▶ **YOUR ASSIGNMENT**: Look below for the lines from the one with "STROPHANTHUS C 30 globuli, 10 g" to the one with "カンパーナホテル 【一泊二食付き】人気No1!五島グルメ会席 ~霜降りの五島牛を陶板焼きで味わい下さい~", and copy exactly those lines, both ends included.

▶ **DATA FOR ANALYSIS**:
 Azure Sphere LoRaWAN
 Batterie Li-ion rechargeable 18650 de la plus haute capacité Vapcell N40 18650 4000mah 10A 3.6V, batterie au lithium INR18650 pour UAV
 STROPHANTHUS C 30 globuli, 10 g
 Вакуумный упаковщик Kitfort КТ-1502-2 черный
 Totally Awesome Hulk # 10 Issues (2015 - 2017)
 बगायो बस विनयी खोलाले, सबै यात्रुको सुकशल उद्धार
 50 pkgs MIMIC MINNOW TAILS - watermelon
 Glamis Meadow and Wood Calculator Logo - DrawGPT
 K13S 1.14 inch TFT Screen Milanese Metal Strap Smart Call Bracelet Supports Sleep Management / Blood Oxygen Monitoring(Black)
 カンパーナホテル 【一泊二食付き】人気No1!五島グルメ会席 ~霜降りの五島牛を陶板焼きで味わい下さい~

==

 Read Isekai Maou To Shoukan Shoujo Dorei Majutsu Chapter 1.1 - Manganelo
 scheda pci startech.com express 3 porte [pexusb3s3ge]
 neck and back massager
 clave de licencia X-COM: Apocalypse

▶ **WRITTEN ANSWER**:
 STROPHANTHUS C 30 globuli, 10 g
 Вакуумный упаковщик Kitfort КТ-1502-2 черный
 Totally Awesome Hulk # 10 Issues (2015 - 2017)
 बगायो बस विनयी खोलाले, सबै यात्रुको सुकशल उद्धार
 50 pkgs MIMIC MINNOW TAILS - watermelon
 Glamis Meadow and Wood Calculator Logo - DrawGPT
 K13S 1.14 inch TFT Screen Milanese Metal Strap Smart Call Bracelet Supports Sleep Management / Blood Oxygen Monitoring(Black)
 カンパーナホテル 【一泊二食付き】人気No1!五島グルメ会席 ~霜降りの五島牛を陶板焼きで味わい下さい~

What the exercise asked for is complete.